◆ Aim of the task
The following data has a line with "Transitional Rectangular Outdoor" and a line with "Poster pie chart". Write out exactly those lines and all the lines between them.

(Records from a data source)
※ ※ ※
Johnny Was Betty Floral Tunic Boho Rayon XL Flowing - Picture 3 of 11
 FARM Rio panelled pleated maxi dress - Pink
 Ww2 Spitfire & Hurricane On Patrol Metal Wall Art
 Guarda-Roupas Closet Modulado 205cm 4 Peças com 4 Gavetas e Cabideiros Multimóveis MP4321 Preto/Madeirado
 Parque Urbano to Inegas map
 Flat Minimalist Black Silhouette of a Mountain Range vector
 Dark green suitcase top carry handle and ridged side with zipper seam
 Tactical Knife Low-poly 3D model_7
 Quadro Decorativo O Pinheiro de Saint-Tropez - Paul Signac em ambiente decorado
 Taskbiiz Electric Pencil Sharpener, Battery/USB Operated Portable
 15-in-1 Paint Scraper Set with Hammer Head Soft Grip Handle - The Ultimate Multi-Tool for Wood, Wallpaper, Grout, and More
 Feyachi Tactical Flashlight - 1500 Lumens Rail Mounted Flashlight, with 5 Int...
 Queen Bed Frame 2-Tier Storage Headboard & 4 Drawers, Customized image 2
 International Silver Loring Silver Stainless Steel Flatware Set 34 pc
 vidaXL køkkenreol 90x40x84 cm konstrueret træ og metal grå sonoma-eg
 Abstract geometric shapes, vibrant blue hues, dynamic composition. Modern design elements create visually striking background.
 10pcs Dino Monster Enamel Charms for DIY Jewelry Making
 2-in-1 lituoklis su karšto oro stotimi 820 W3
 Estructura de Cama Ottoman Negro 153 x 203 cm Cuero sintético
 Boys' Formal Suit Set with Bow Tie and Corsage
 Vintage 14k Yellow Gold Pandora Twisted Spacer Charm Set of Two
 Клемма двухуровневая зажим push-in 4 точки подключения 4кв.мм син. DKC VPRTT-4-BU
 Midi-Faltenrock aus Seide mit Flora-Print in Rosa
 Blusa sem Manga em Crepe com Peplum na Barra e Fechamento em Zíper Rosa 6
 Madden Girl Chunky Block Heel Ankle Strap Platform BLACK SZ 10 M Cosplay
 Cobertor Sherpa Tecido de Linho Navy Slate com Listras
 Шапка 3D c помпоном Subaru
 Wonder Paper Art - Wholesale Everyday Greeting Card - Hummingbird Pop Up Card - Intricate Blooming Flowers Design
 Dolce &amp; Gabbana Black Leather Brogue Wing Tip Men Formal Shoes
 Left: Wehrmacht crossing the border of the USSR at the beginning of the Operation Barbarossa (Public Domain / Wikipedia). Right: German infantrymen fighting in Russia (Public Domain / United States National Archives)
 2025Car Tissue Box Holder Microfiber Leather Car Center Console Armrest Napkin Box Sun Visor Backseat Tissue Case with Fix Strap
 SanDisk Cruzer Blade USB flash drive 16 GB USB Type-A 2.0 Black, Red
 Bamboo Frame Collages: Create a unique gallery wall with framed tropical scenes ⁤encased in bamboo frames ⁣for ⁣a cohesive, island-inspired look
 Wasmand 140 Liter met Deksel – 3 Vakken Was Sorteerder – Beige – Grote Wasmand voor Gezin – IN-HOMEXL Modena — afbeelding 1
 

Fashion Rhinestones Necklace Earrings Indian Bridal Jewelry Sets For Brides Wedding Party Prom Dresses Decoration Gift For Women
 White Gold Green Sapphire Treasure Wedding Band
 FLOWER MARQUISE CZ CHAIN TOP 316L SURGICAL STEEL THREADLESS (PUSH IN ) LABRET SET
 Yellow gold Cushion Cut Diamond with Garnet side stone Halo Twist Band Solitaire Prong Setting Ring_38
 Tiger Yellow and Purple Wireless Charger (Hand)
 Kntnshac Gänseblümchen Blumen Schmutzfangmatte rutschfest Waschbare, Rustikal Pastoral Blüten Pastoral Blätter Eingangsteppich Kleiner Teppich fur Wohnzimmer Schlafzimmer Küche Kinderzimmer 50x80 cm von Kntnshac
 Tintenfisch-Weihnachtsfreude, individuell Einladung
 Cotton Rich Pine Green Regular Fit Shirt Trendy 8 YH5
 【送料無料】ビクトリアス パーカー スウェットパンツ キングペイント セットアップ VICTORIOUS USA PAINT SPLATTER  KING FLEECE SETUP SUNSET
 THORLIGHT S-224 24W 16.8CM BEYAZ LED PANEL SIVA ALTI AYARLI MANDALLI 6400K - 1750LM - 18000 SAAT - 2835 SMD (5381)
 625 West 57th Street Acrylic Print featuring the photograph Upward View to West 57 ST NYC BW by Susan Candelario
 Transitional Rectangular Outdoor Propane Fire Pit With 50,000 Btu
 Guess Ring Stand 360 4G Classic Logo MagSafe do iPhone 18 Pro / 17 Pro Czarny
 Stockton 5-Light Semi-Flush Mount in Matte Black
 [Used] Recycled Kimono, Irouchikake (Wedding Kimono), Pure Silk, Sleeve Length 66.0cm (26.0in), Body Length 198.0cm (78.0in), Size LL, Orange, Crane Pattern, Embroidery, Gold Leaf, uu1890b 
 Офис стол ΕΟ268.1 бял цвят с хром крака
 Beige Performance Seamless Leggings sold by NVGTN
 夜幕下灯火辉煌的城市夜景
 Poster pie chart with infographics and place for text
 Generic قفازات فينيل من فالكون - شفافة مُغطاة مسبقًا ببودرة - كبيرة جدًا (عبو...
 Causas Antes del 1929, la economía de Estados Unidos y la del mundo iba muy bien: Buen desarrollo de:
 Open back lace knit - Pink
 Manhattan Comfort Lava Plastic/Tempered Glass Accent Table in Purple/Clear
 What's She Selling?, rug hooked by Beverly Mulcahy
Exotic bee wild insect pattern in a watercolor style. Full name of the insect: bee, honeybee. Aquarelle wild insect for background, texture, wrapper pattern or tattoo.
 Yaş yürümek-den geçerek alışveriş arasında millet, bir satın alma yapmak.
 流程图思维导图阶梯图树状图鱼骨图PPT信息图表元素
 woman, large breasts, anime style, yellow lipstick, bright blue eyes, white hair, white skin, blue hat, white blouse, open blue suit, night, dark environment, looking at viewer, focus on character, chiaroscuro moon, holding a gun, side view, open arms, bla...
※ ※ ※
◆ Solution
 Transitional Rectangular Outdoor Propane Fire Pit With 50,000 Btu
 Guess Ring Stand 360 4G Classic Logo MagSafe do iPhone 18 Pro / 17 Pro Czarny
 Stockton 5-Light Semi-Flush Mount in Matte Black
 [Used] Recycled Kimono, Irouchikake (Wedding Kimono), Pure Silk, Sleeve Length 66.0cm (26.0in), Body Length 198.0cm (78.0in), Size LL, Orange, Crane Pattern, Embroidery, Gold Leaf, uu1890b 
 Офис стол ΕΟ268.1 бял цвят с хром крака
 Beige Performance Seamless Leggings sold by NVGTN
 夜幕下灯火辉煌的城市夜景
 Poster pie chart with infographics and place for text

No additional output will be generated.